Walter-Borjans: Ja. Der an sich gute Grundsatz unseres Steuersystems, dass starke Schultern mehr tragen müssen als schwache, ist in den vergangenen Jahren unmerklich Stück für Stück abgeschliffen worden. Die Vermögenssteuer wurde aufgegeben. Die Erbschaftssteuer wurde reformiert. Die Folge ist, dass auf die jährlichen Erbschaften von 400 Milliarden Euro nur noch Steuern von 1,5 Prozent anfallen. Wobei es nicht um die Erbschaftssteuer auf Einfamilienhäuser geht, sondern um Erbschaften von 26 Millionen Euro und mehr. Ein weiterer Punkt ist: Anreize für erwünschtes Handeln werden besonders gern über die steuerliche Absetzbarkeit gefördert. Wozu das führt, lässt sich an einem Beispiel veranschaulichen. Wer als Gutverdiener 100 Euro für wohltätige Zwecke spendet, erhält mindestens 42 Prozent vom Fiskus zurück, zahlt aus eigener Tasche also nur 58 Euro. Die Kassiererin in einem Supermarkt, die die gleiche Summe spendet, erhält nur 20 Euro zurück und zahlt 80 Euro aus eigener Tasche. Unser Steuersystem fördert Bezieher von hohen Einkommen stärker Normal- oder Geringverdiener. Auch von der Absenkung des Spitzensteuersatzes haben nicht die Durchschnittsverdiener profitiert, sondern nahezu ausschließlich die Spitzenverdiener. Kleinere Einkommensbezieher wurden hingegen durch die Erhöhung der Mehrwertsteuer besonders belastet.

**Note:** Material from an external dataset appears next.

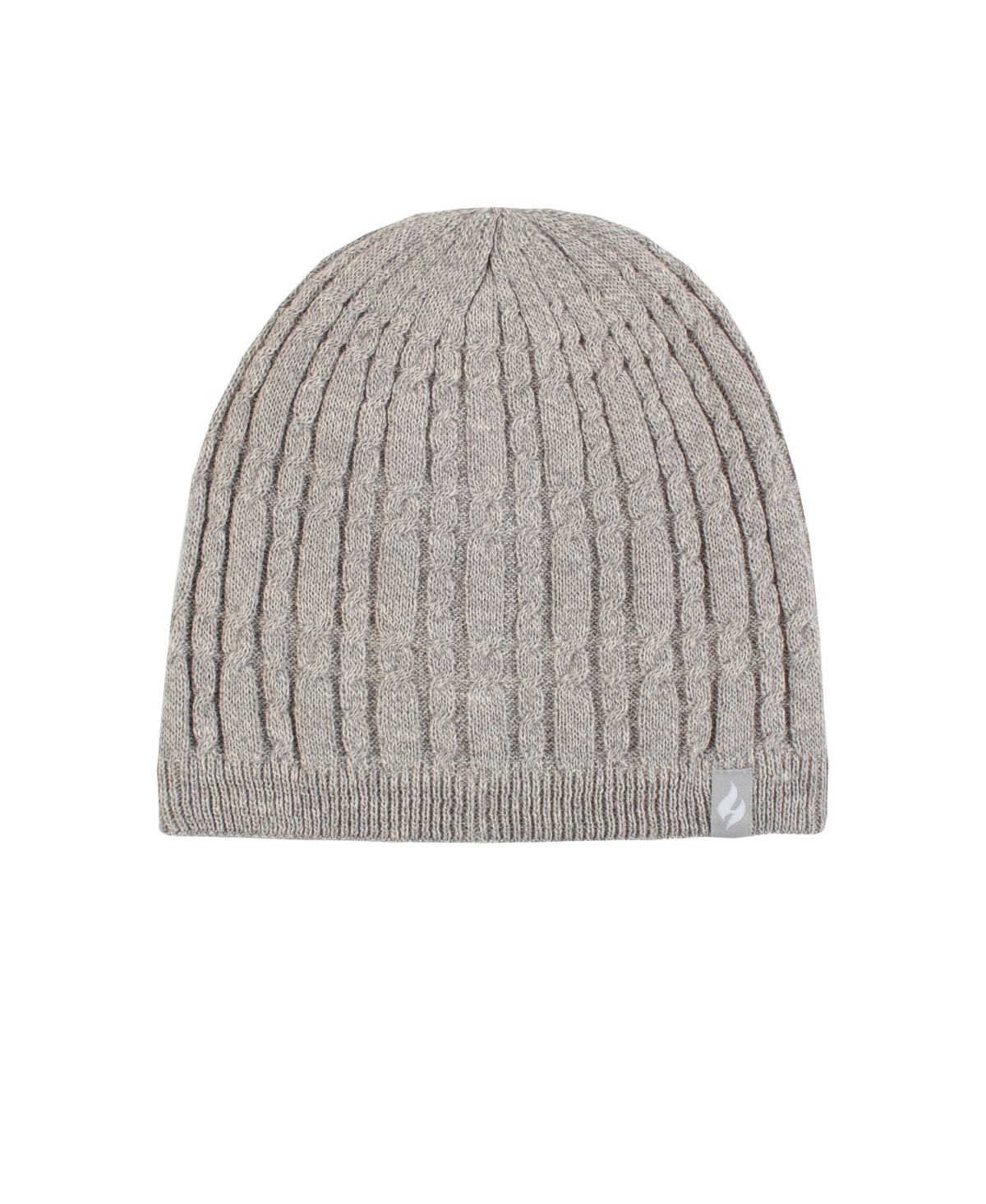 Heat Holders Lite Anna Cable Knit Hat In Cloud Gray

Warum ist es politisch so schwer, den Spitzensteuersatz zu erhöhen?

Walter-Borjans: Lobbygruppen, wie beispielsweise der arbeitgebernahen Initiative Neue Soziale Marktwirtschaft, ist es mit ihren teilweise sehr aggressiven Kampagnen gelungen, Durchschnittsverdiener einzureden, ein höherer Spitzensteuersatz würde auch sie betreffen.

Stimmt das denn nicht?

Walter-Borjans: Nein. Der Spitzensteuersatz gilt für ein Ehepaar erst ab einem jährlich zu versteuernden Einkommen von 110 000 Euro. Für einen Single liegt die Grenze bei 55 000 Euro, also brutto etwa bei einem jährlichen Verdienst von 60 000 bis 65 000 Euro. Zudem wird von den Lobbygruppen gerne verschwiegen, dass der Spitzensteuersatz nicht für das gesamte Einkommen gilt, sondern nur für jeden verdienten Euro oberhalb dieser Grenzen. Sie operieren stattdessen mit Halbwahrheiten. Beispielsweise mit dem eingängigen Satz: Die obere Hälfte der Einkommensbezieher zahlt bereits 95 Prozent der Steuern. Bewusst ausgeblendet wird dabei, dass diese Gruppe auch 85 Prozent der Einkommen verdient. Die Mehrheit der Durchschnittsverdiener wird so vor den Karren einer kleinen, wohlhabenden Minderheit gespannt. Deshalb fällt es so schwer, mit dem Thema Wahlkampf zu machen.

War es aus heutiger Sicht ein Fehler, dass es unter Rot-Grün massive Steuersenkung gegeben hat und der Spitzensteuer deutlich nach unten gedrückt wurde?

Walter-Borjans: Damals bestand Handlungsbedarf. Deutschland galt wirtschaftlich als der kranke Mann Europas. Er hatte quasi die Grippe. Deshalb ist ihm ein Grippemittel verordnet worden. Es hat gewirkt. Aber ist das eine Begründung dafür, zwanzig Jahre später immer noch das gleiche Grippemittel in der gleichen Dosierung zu verabreichen wie damals? Stattdessen sollten wir unvoreingenommen auf die Risiken und Nebenwirkungen blicken. Diese Nebenwirkungen hatte auch die Agenda-Politik. Sie sind für viele Menschen heftig zu spüren. Deshalb brauchen wir heute deutliche Korrekturen. Die würden unserer Glaubwürdigkeit nicht schaden. Im Gegenteil: die würden sie wiederherstellen.